## TASK TO COMPLETE
In the data below, find the line with "Friendly cute asian" and output it along with every later line, exactly, but not the pictures.

## MATERIAL TO PROCESS
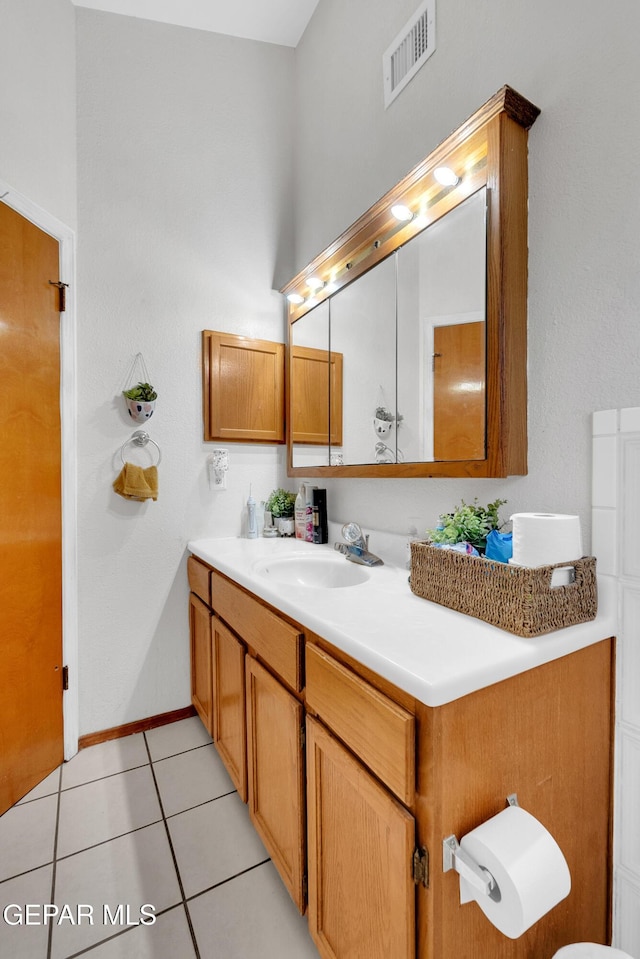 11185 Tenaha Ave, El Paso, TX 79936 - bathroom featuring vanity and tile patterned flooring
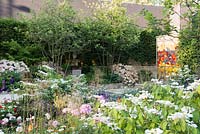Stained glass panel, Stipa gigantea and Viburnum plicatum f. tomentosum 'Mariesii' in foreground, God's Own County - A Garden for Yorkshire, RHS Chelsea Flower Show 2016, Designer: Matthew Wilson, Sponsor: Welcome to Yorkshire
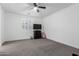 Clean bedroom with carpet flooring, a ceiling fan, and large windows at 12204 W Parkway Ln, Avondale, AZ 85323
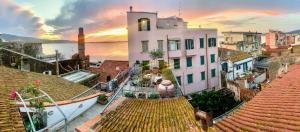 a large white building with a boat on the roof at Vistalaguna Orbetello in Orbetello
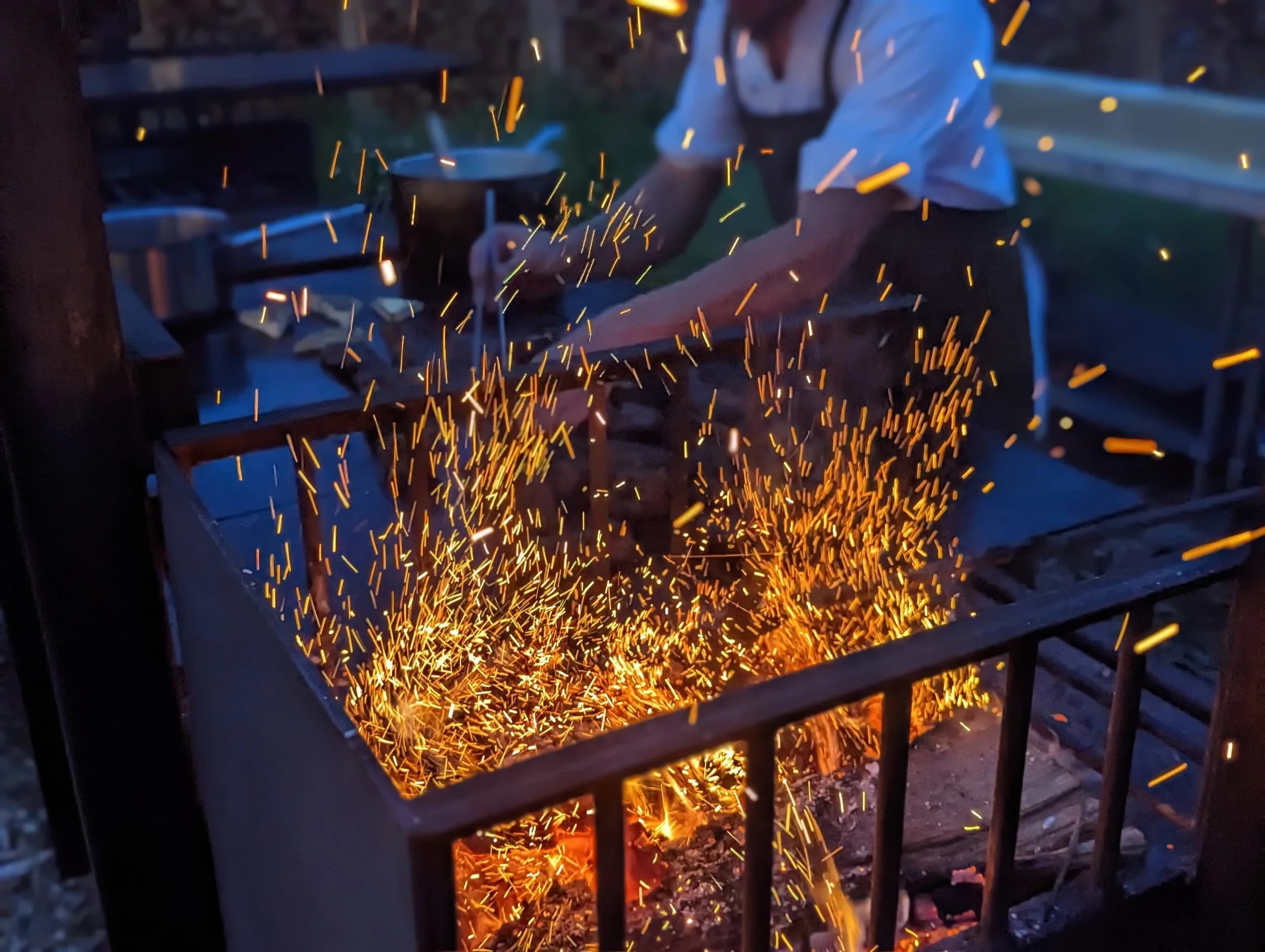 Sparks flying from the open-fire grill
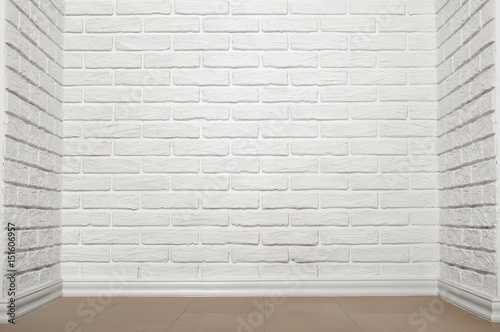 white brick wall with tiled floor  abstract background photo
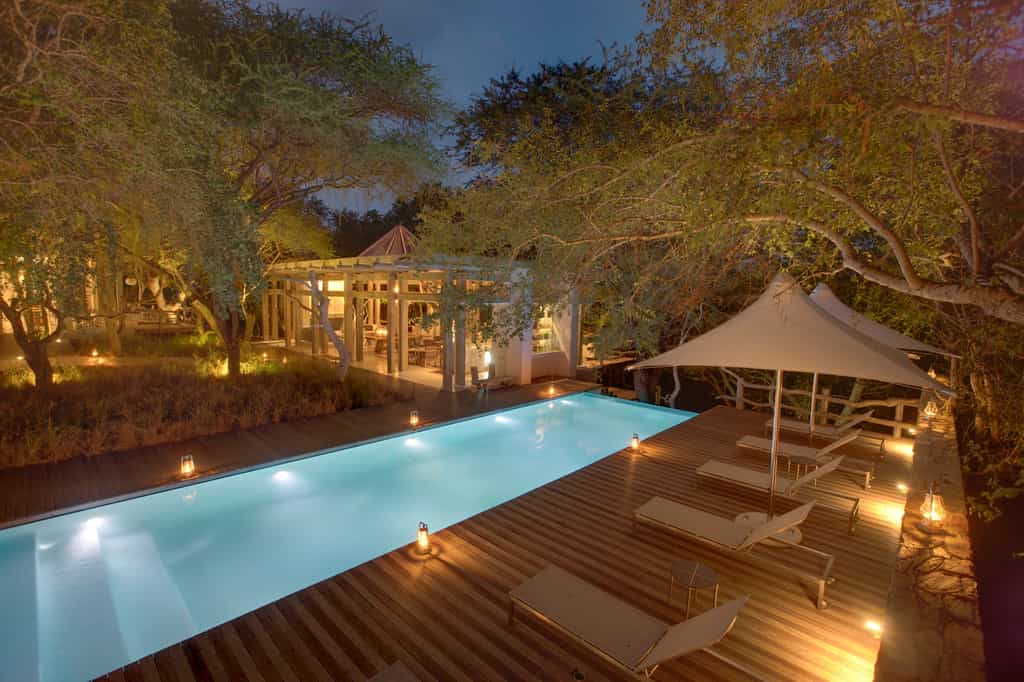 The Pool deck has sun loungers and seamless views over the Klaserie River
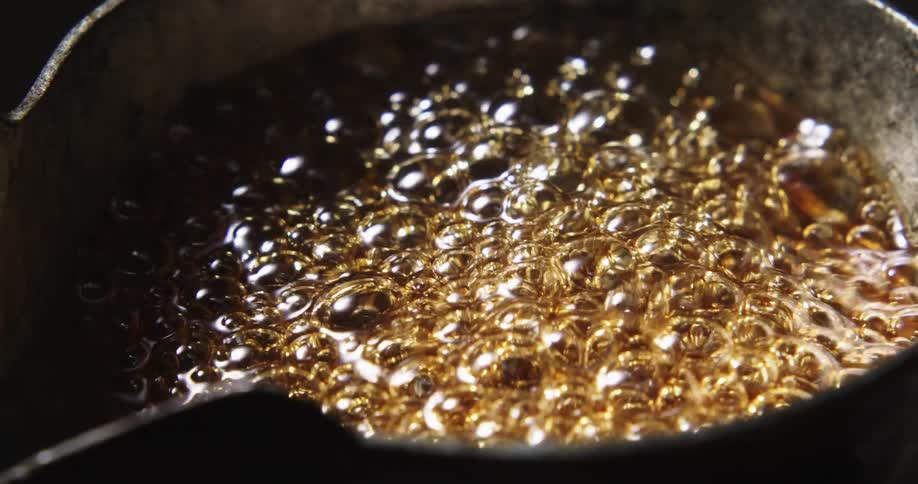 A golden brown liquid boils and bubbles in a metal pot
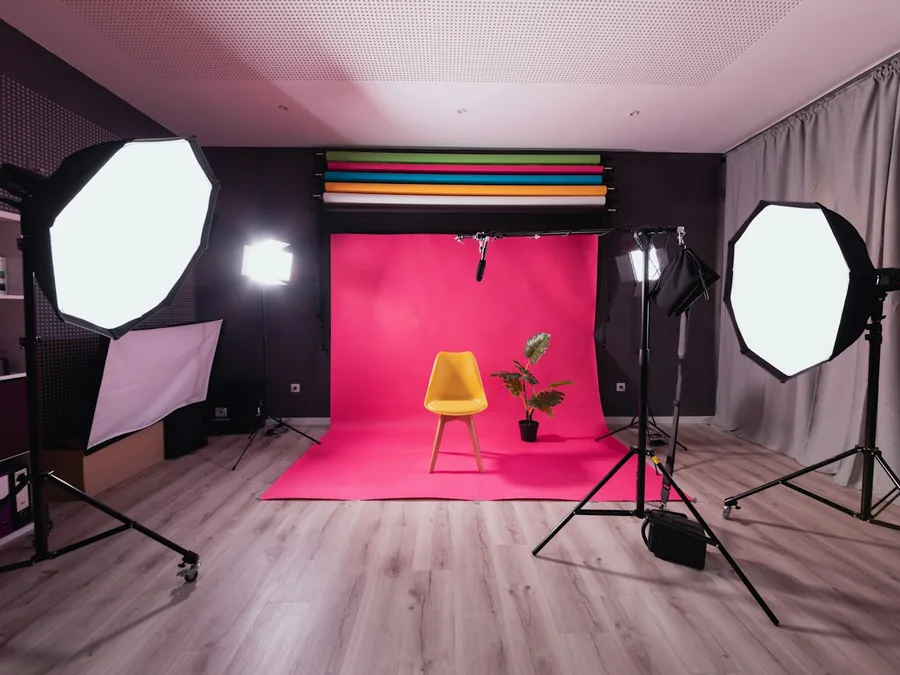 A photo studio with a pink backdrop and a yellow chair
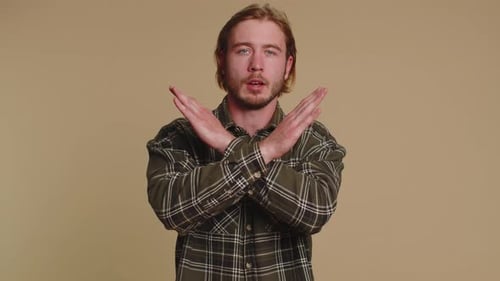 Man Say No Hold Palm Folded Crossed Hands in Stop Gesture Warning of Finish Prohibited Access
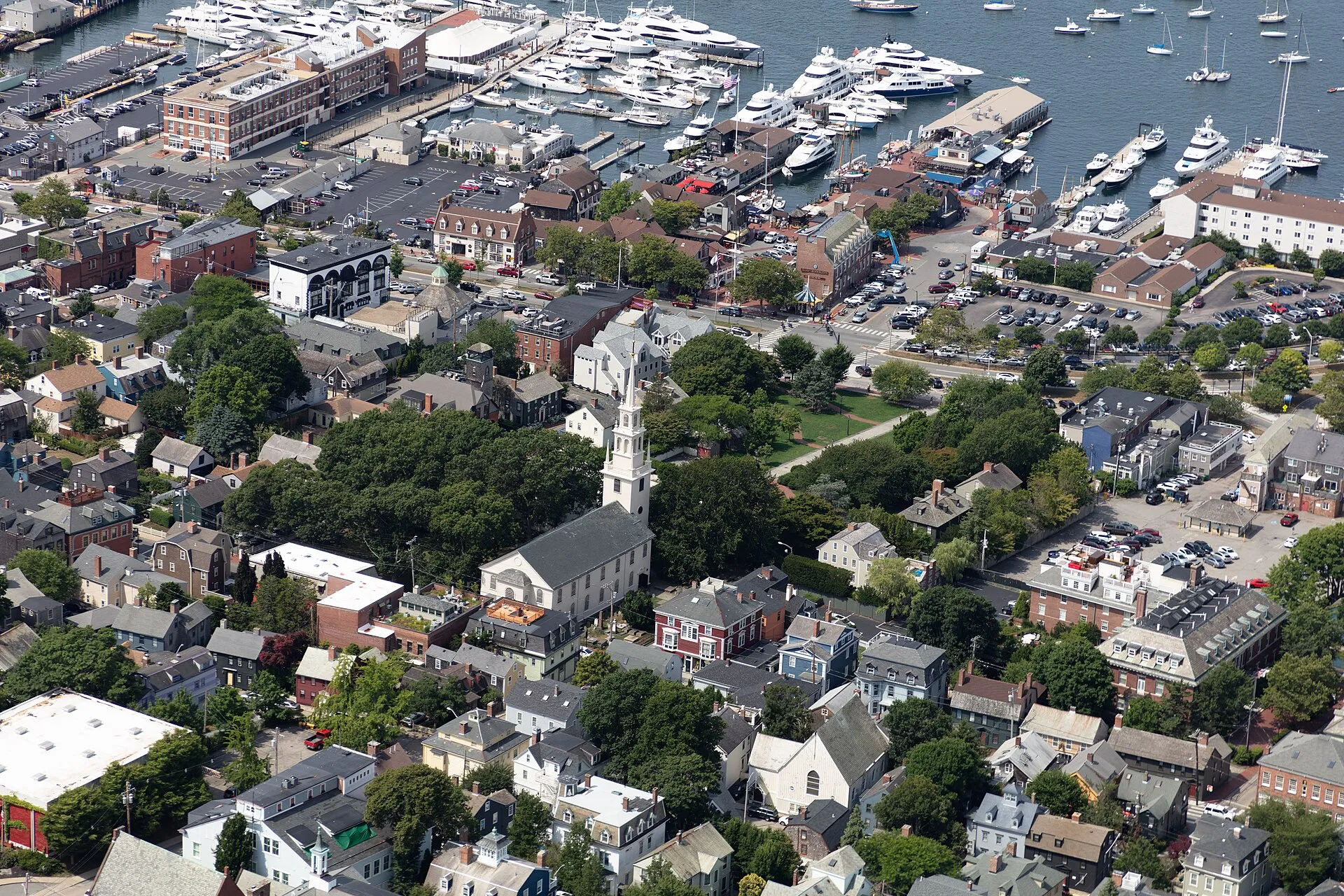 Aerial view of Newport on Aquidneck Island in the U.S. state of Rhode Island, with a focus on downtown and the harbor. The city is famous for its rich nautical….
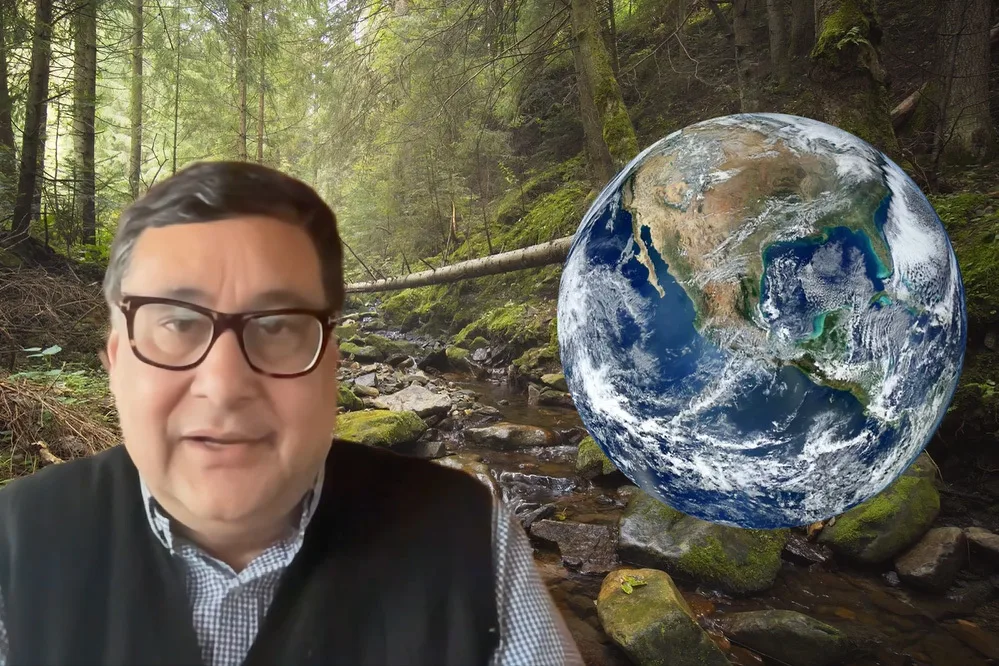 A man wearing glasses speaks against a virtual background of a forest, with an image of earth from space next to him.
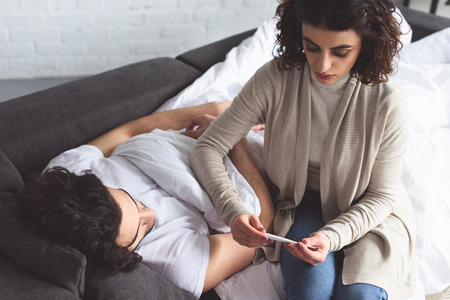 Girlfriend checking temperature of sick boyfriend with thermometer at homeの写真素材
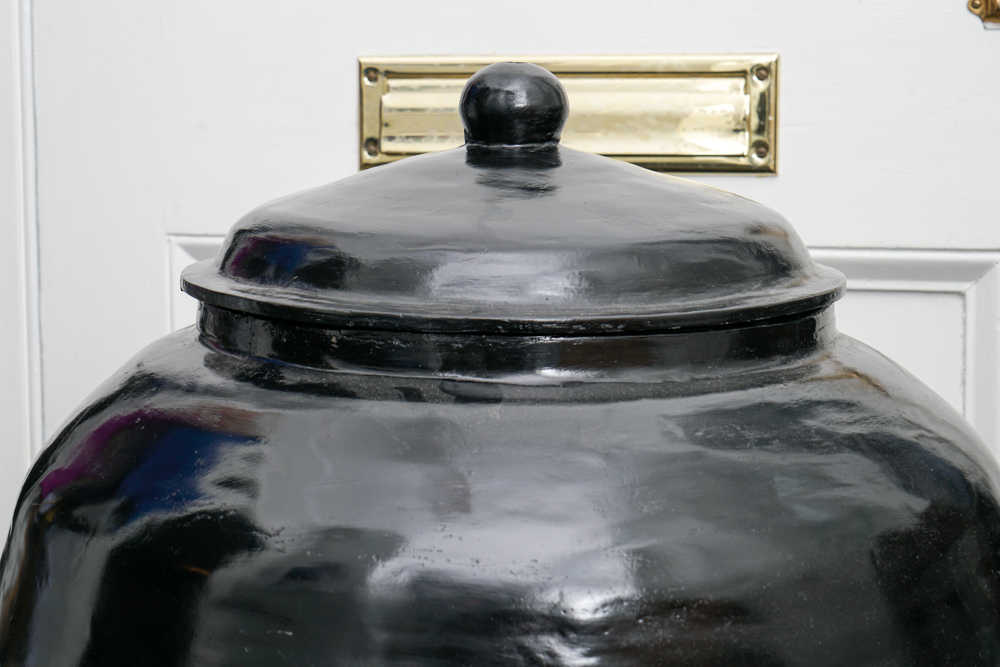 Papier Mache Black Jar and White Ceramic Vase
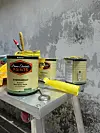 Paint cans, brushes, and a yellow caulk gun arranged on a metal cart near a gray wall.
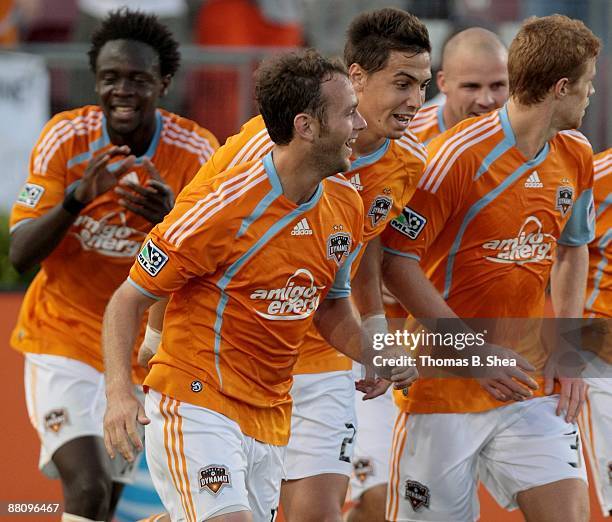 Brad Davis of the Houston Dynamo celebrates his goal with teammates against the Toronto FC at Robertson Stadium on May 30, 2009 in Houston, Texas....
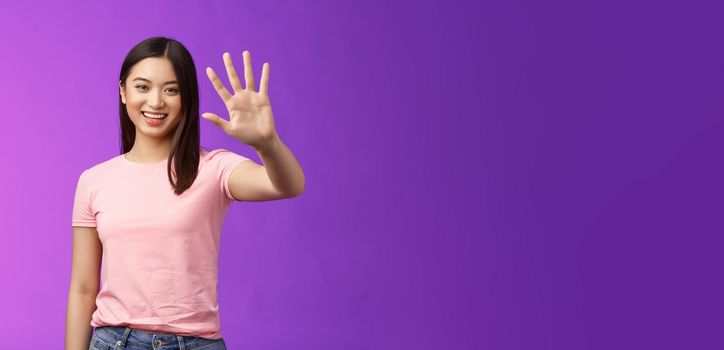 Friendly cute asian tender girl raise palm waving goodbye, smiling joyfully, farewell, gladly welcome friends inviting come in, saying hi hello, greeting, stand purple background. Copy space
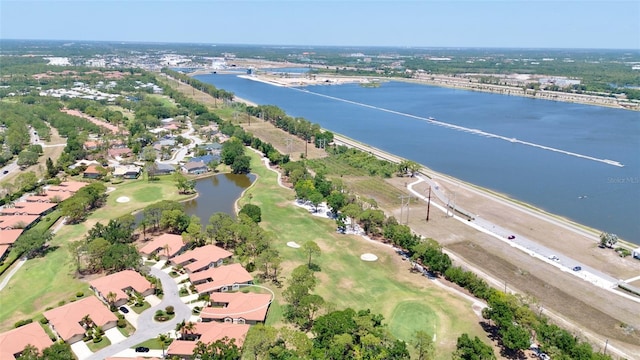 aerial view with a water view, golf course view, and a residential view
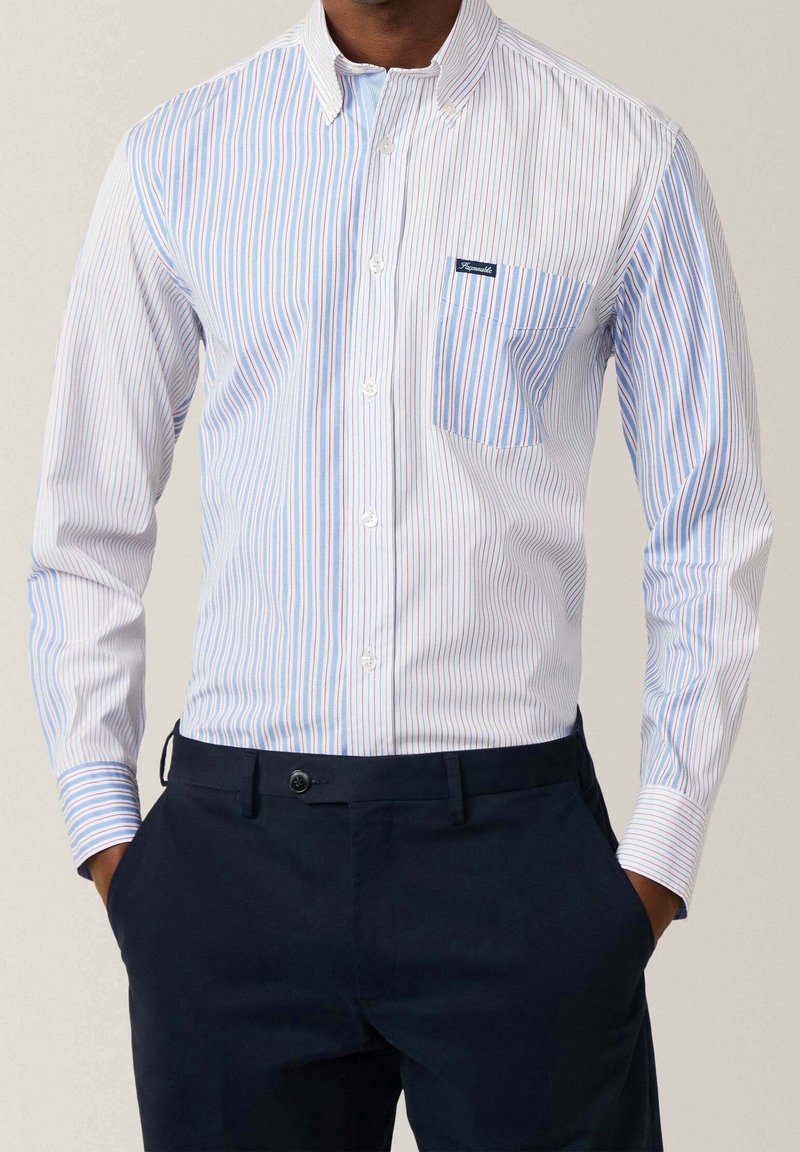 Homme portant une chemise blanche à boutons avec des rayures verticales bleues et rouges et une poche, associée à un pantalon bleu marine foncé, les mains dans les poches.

## RESULT OF THIS EXERCISE
 Friendly cute asian tender girl raise palm waving goodbye, smiling joyfully, farewell, gladly welcome friends inviting come in, saying hi hello, greeting, stand purple background. Copy space
 aerial view with a water view, golf course view, and a residential view
 Homme portant une chemise blanche à boutons avec des rayures verticales bleues et rouges et une poche, associée à un pantalon bleu marine foncé, les mains dans les poches.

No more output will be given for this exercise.